Women with high levels of the sex hormone oestradiol may engage in opportunistic mating, according to a new study by psychology researchers at The University of Texas at Austin.
Doctoral candidate Kristina Durante and Assistant Professor of Psychology Norm Li published their findings in the article “Oestradiol Level and Opportunistic Mating in Women” in the Jan. 13 issue of Proceedings of the Royal Society of London: Biology Letters.
“The study offers further evidence that physiological mechanisms continue to play a major role in guiding women’s sexual motivations and behavior,” Durante said.
Durante and Li investigated the relationship between oestradiol, an ovarian hormone linked to fertility, and sexual motivation in a study of 52 female undergraduates not using contraception. Participants’ ages ranged from 17 to 30 years old.

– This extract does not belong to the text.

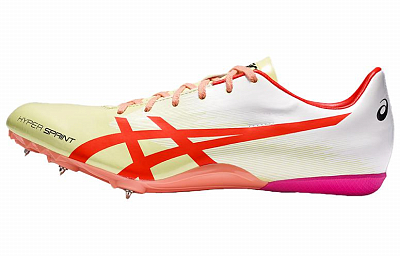 Asics Hyper Sprint 7 'White Classic Red'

The researchers measured the participants’ hormone levels at two points during each woman’s ovulatory cycle and then asked them to rate their own physical attractiveness. Independent observers also rated the participants’ physical attractiveness.
Participants also answered survey questions that measured their propensity to cheat on a partner.
The researchers found that a woman’s oestradiol level was positively associated with self-perceived physical attractiveness. Women with a higher oestradiol level also reported a greater likelihood of flirting, kissing and having a serious affair (but not a one-night stand) with a new partner.
Oestradiol levels were negatively associated with a woman’s satisfaction with her primary partner.
“Our findings show that highly fertile women are not easily satisfied by their long-term partners and are motivated to seek out more desirable partners,” Durante explained. “However, that doesn’t mean they’re more likely to engage in casual sex. Instead, they adopt a strategy of serial monogamy.”
Read the article online.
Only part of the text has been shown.